Where nearly 7 million Venezuelans have resettled for a decade in Latin America and the Caribbean. Source: United Nations RMRP report, April 2026
Likewise, a Washington Office on Latin America 2024 report acknowledged, “Some Venezuelans had departed from Venezuela, but many had been living in Colombia or elsewhere in South America but decided to move on.”
It’s easy to see why the Venezuelans adopted these countries. Economically robust Ecuador started offering Venezuelans temporary protected status in 2017 while Chile followed suit in 2021 entitling all to benefits and services, Georgetown University’s Journal of International Affairs noted.
The U.N. RMRP reports bury any notion that Venezuelan settlers faced unbearable danger and persecution in these countries.
In 2026, Brazil was still offering “long-standing regularization pathways” with residency and work permits. Uruguay offers “inclusive residency policies with improved access to rights, employment and social protection for Venezuelans and refugees,” the U.N. organization reported. Colombia, with by far the most Venezuelan settlers (2.8 million), had granted residency to 69%, along with work authorization, health care access, and education.

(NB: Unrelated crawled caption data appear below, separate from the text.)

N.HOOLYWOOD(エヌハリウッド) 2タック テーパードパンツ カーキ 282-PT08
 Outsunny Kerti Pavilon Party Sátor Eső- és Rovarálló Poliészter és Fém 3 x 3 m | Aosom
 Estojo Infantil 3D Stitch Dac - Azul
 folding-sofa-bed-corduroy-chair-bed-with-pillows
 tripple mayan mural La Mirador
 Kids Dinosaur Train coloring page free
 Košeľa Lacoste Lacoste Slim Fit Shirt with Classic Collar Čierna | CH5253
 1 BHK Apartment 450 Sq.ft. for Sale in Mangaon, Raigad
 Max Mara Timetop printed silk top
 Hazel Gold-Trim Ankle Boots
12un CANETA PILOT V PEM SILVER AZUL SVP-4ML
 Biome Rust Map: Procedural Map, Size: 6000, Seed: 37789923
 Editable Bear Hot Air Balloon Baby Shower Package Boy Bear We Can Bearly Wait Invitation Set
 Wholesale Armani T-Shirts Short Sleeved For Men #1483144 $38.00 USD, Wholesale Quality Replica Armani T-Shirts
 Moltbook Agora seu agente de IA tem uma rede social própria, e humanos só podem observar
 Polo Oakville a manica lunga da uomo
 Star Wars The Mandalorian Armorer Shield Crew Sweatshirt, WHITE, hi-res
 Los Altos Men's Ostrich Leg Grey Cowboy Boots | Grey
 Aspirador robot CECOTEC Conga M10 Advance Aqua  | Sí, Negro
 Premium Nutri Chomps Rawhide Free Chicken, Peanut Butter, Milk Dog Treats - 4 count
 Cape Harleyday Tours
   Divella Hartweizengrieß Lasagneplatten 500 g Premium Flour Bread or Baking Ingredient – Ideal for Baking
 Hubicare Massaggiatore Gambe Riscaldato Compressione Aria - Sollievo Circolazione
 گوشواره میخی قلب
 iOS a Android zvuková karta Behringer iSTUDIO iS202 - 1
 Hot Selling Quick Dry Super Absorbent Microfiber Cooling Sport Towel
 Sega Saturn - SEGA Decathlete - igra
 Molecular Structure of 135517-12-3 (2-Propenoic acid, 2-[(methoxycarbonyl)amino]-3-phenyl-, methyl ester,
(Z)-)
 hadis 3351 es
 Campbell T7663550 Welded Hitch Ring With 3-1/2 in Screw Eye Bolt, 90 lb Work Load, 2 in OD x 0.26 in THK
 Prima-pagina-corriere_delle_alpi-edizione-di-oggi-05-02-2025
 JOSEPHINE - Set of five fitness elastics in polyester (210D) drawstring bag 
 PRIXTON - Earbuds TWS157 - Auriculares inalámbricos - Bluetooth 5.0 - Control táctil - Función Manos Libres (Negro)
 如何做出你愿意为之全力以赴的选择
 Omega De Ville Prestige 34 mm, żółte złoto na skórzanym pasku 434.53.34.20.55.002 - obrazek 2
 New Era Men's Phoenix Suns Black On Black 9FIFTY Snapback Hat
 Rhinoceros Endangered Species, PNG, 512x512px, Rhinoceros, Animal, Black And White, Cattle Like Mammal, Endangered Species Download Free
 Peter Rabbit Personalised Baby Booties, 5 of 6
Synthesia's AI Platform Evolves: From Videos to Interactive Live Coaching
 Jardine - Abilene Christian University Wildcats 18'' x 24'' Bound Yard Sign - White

The nation is working to give the rest that status this year.
“Government efforts toward regularization of refugees and migrants have advanced” in Peru, the country with the second most Venezuelan settlers (1.6 million) and which last year launched a legalization initiative to get 480,000 more onboarded, the 2026 RMRP plan states. Argentina has opened its arms wide.
In the Caribbean, Aruba offers a new program granting work permits. The Dominican Republic has issued more than 26,000 temporary worker and student permits since 2021. In Guyana, “a humanitarian approach remains in place providing free, renewable stay permits and access to public services.” And on and on, the U.N. says.
The Way Forward
In June 2025, the Supreme Court cleared the administration to send illegal aliens to agreeable safe third countries other than their own. Since then, the administration has collected formal agreements with 15 countries across Latin America and the Caribbean with more coming.
The administration and all those who support its deportation goals have facts in pocket to smoke the patently false binary choice being peddled that it can either heartlessly send Venezuelans straight to “hell” or let them remain illegally in the U.S.
Beyond its opportunity to beat down a fake narrative, the administration possesses the moral and legal authority—and a rich buffet of options it probably didn’t realize it had—to actually speed up this large new deportation project.